• SUPPLIED MATERIAL
+++
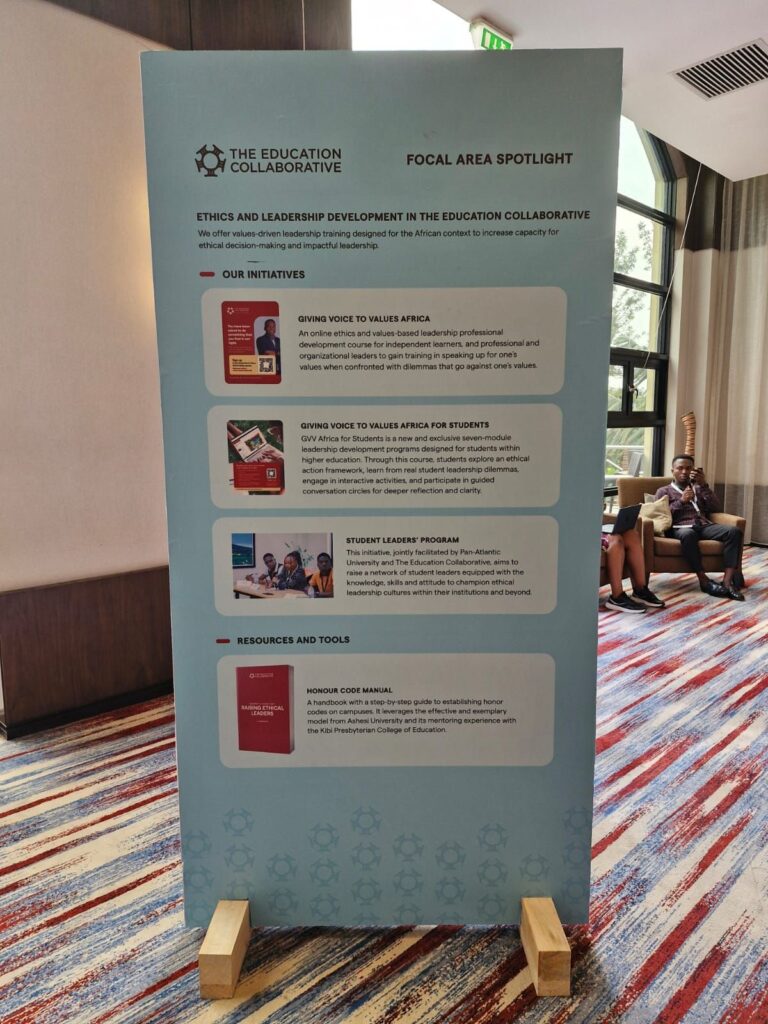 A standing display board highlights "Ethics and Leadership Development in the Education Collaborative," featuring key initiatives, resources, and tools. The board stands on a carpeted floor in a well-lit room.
+++
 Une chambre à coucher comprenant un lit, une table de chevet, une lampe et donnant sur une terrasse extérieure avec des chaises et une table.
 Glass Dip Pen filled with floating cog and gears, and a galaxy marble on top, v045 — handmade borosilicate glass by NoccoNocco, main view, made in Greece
+++
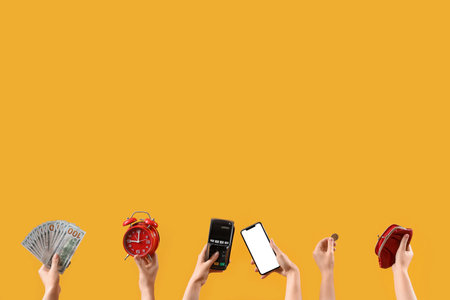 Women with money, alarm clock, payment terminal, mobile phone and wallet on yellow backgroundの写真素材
+++
• TASK PROMPT
Restate word for word the lines of the data above, starting at the line containing "Une chambre à" and ending at the line containing "Glass Dip Pen", both included, and nothing more.

• RESPONSE FOR THIS EXERCISE
 Une chambre à coucher comprenant un lit, une table de chevet, une lampe et donnant sur une terrasse extérieure avec des chaises et une table.
 Glass Dip Pen filled with floating cog and gears, and a galaxy marble on top, v045 — handmade borosilicate glass by NoccoNocco, main view, made in Greece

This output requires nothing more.